— The task —
In your reply, print every line of the listing exactly and omit all images.

— Data shown —
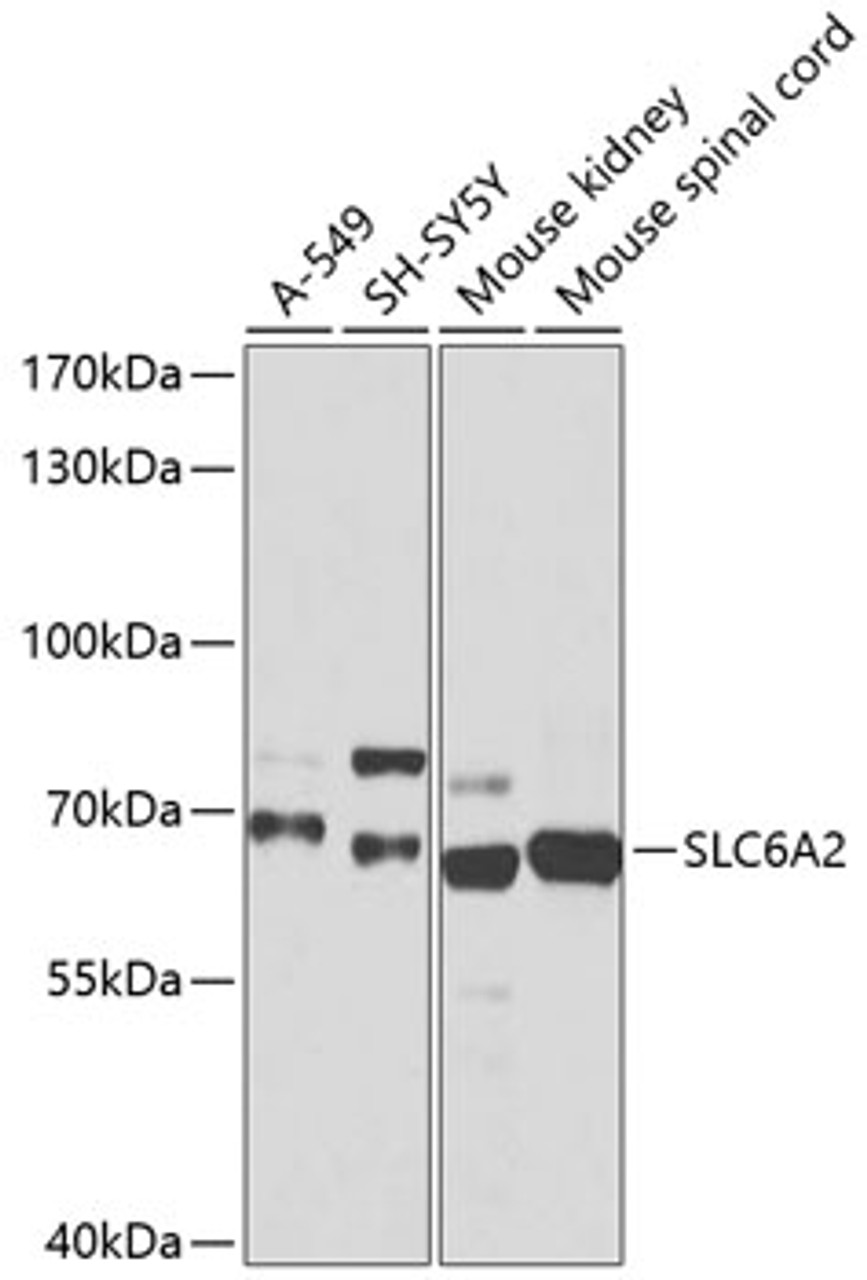 Western blot analysis of extracts of various cell lines, using SLC6A2 antibody (15-429) at 1:1000 dilution.<br/>Secondary antibody: HRP Goat Anti-Rabbit IgG (H+L) at 1:10000 dilution.<br/>Lysates/proteins: 25ug per lane.<br/>Blocking buffer: 3% nonfat dry milk in TBST.<br/>Detection: ECL Basic Kit.<br/>Exposure time: 10s.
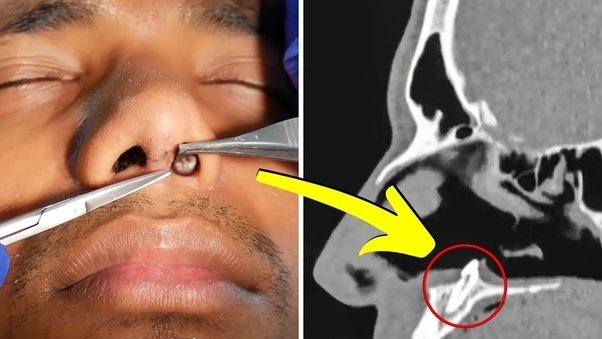 Doctors Investigate His Constant Nose Pain — What They Pull Out Is Truly Unbelievable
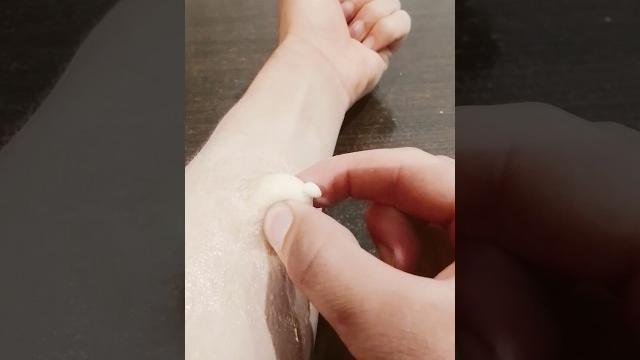 Огромный фурункул #tiktok Огромный фурункул #tiktok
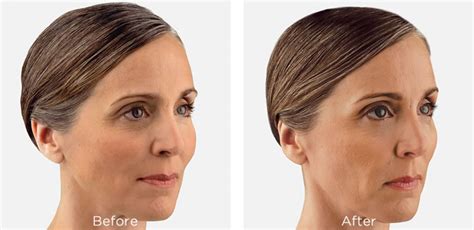 Juvéderm Fillers At Vedas Medical Spa And Wellness Center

— Task result —
 Western blot analysis of extracts of various cell lines, using SLC6A2 antibody (15-429) at 1:1000 dilution.<br/>Secondary antibody: HRP Goat Anti-Rabbit IgG (H+L) at 1:10000 dilution.<br/>Lysates/proteins: 25ug per lane.<br/>Blocking buffer: 3% nonfat dry milk in TBST.<br/>Detection: ECL Basic Kit.<br/>Exposure time: 10s.
 Doctors Investigate His Constant Nose Pain — What They Pull Out Is Truly Unbelievable
 Огромный фурункул #tiktok Огромный фурункул #tiktok
 Juvéderm Fillers At Vedas Medical Spa And Wellness Center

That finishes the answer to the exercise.